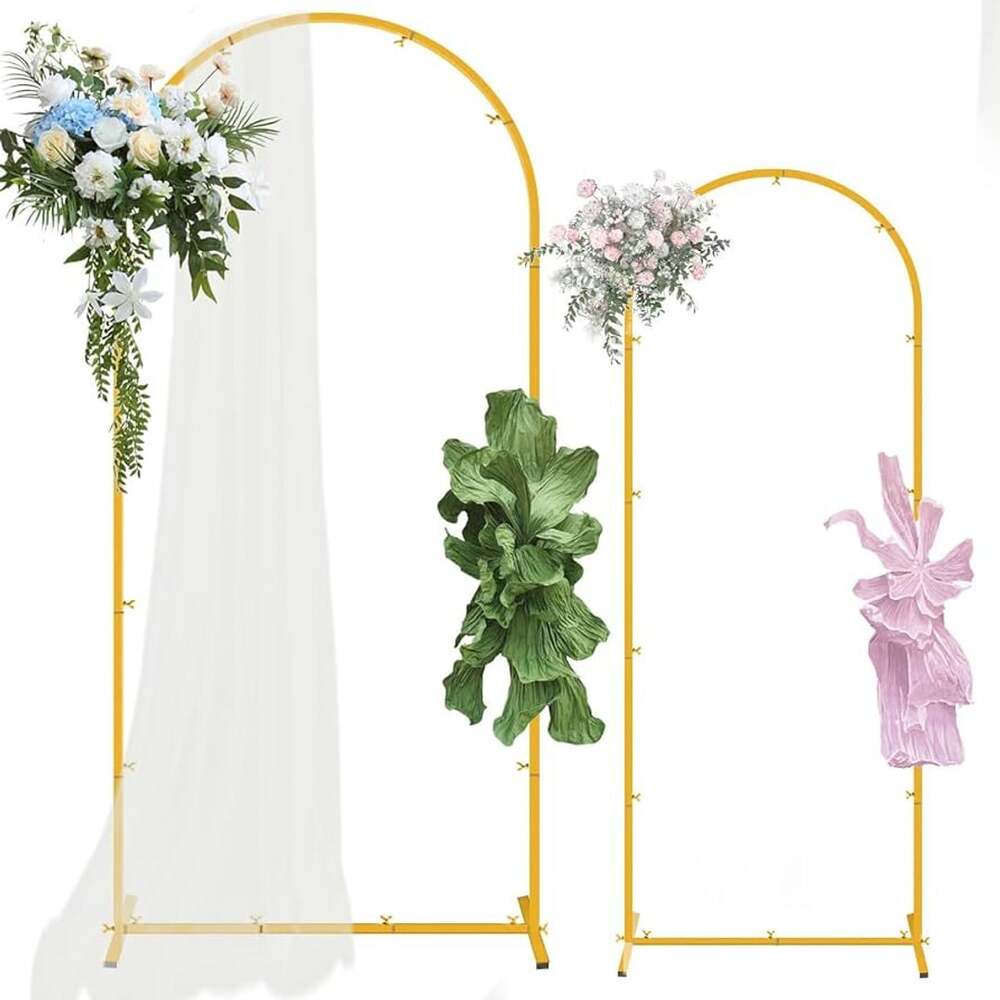 Metal Wedding Arch Backdrop Stand Set 7.2FT and 6FT Gold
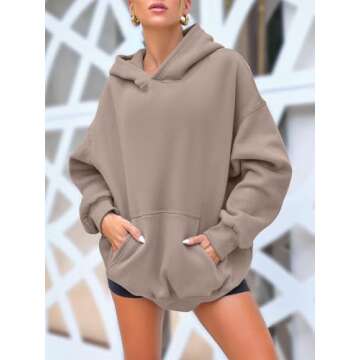 AUTOMET Oversized Sweatshirt for Women Fall Outfits 2025 Fleece Casual Hoodies Sweaters Long Sleeve Fashion Shirts with Pockets CoffeeGrey S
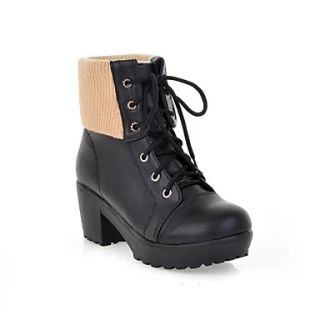Faux Leather Womens Thick Sole and Thick Heel Ankle high Boots (More Colors)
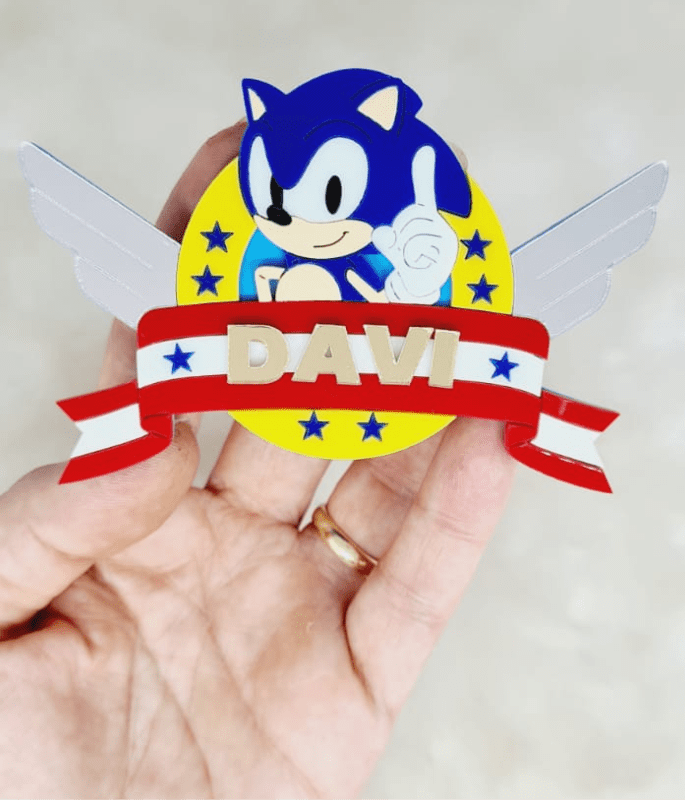 Sonic Personagens – Aplique Acrílico Colorido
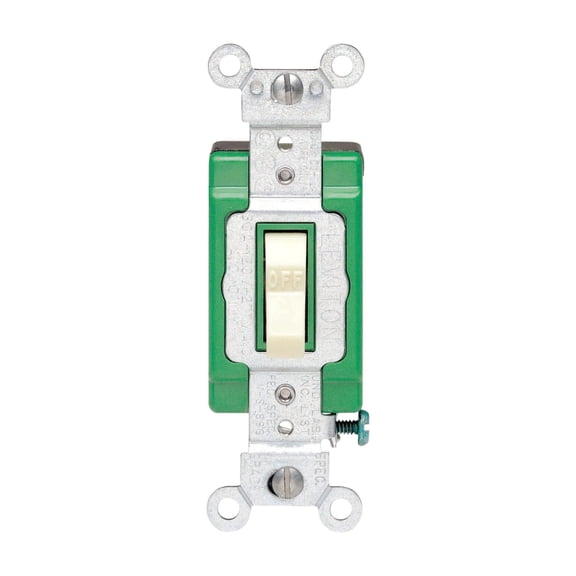 Leviton Commercial Grade Grounded Quiet Double Pole Switch - Pack of 8
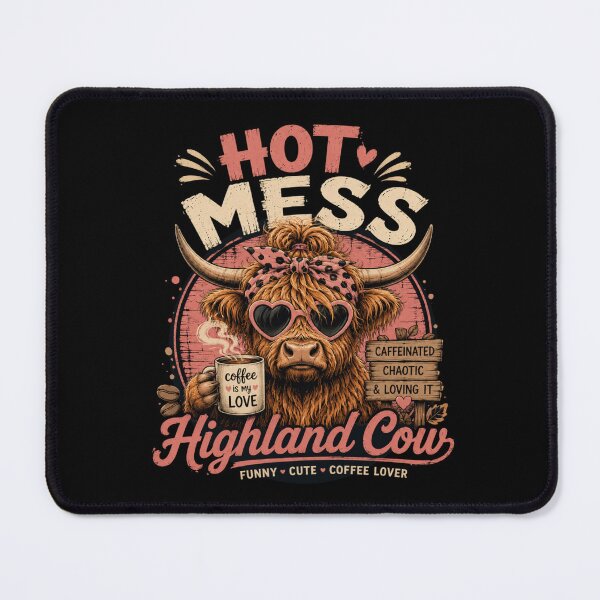 Item preview, Hot Mess Highland Cow Funny Cute Coffee Lover Design – Caffeinated Cow T-Shirt designed and sold by Artimax-Studio.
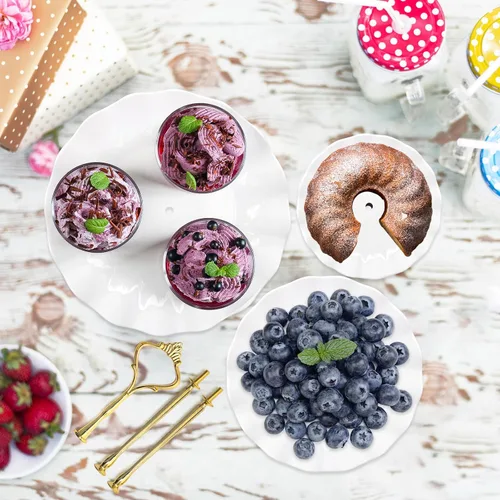 Vista 6 de Coitak Soportes de plástico para cupcakes, soporte para cupcakes de 3 niveles, bandeja de torre de postre para fiesta de té, cumpleaños y boda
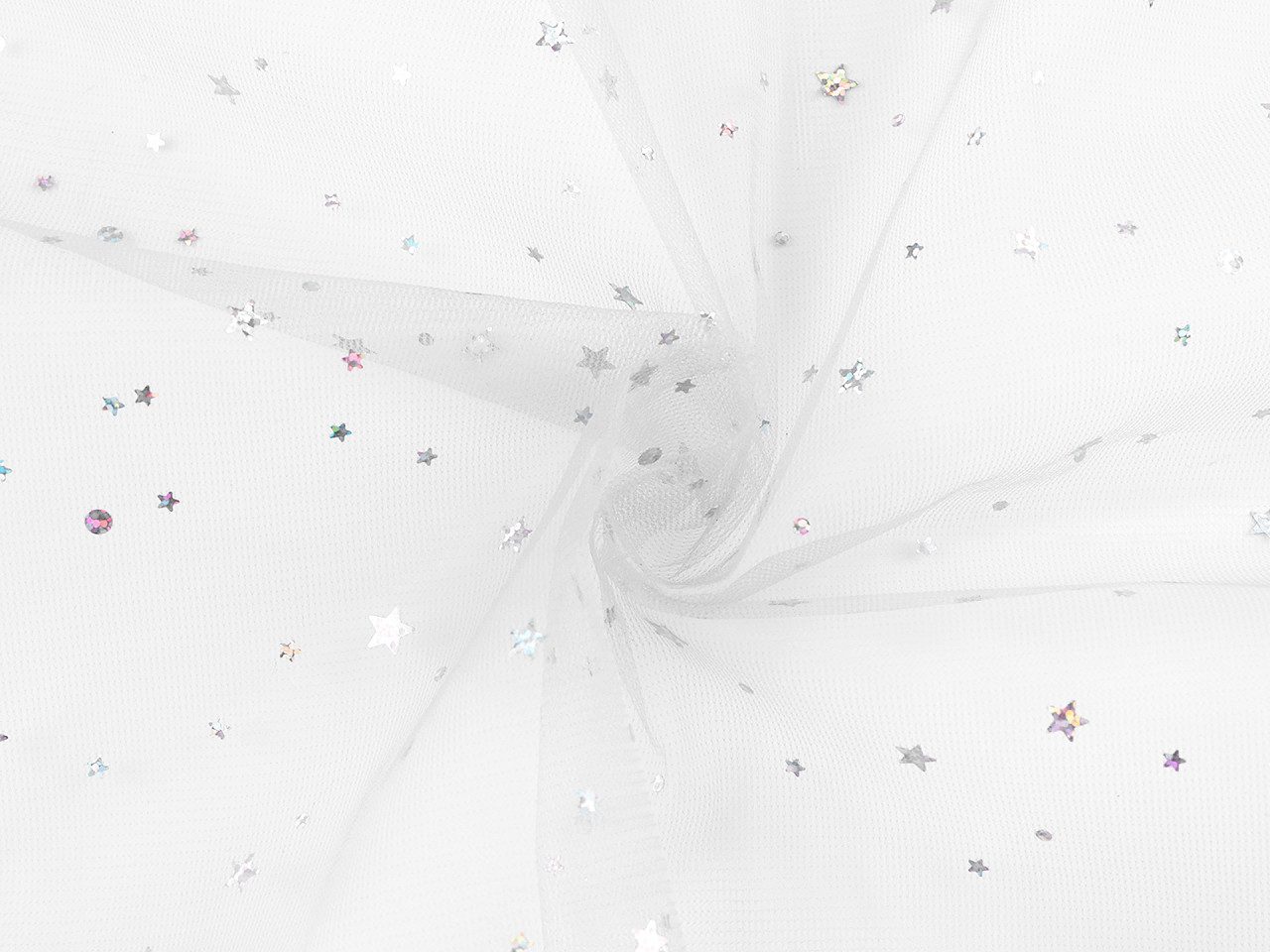 Tyl s hvězdičkami s hologramem, střední, 5 šedá stříbrná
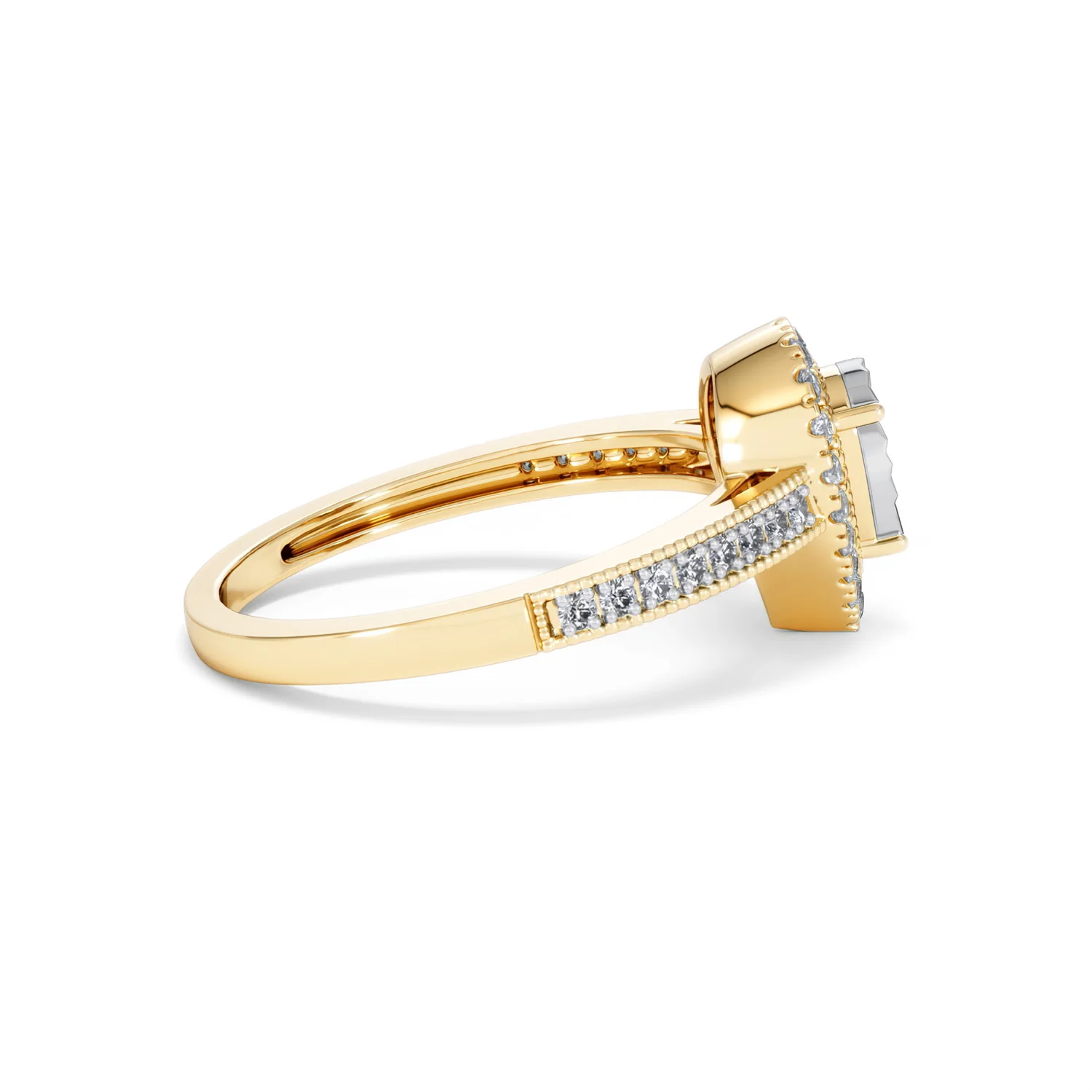 Masami Pear Shaped Pave Diamond Engagement Ring 0.15ct 9K Yellow Gold - Image 29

--------------------

(WHAT IS REQUIRED) Return the entries unchanged, save for the pictures, which do not belong in the copy.

(FINISHED EXERCISE)
 Metal Wedding Arch Backdrop Stand Set 7.2FT and 6FT Gold
 AUTOMET Oversized Sweatshirt for Women Fall Outfits 2025 Fleece Casual Hoodies Sweaters Long Sleeve Fashion Shirts with Pockets CoffeeGrey S
Faux Leather Womens Thick Sole and Thick Heel Ankle high Boots (More Colors)
 Sonic Personagens – Aplique Acrílico Colorido
 Leviton Commercial Grade Grounded Quiet Double Pole Switch - Pack of 8
 Item preview, Hot Mess Highland Cow Funny Cute Coffee Lover Design – Caffeinated Cow T-Shirt designed and sold by Artimax-Studio.
 Vista 6 de Coitak Soportes de plástico para cupcakes, soporte para cupcakes de 3 niveles, bandeja de torre de postre para fiesta de té, cumpleaños y boda
 Tyl s hvězdičkami s hologramem, střední, 5 šedá stříbrná
 Masami Pear Shaped Pave Diamond Engagement Ring 0.15ct 9K Yellow Gold - Image 29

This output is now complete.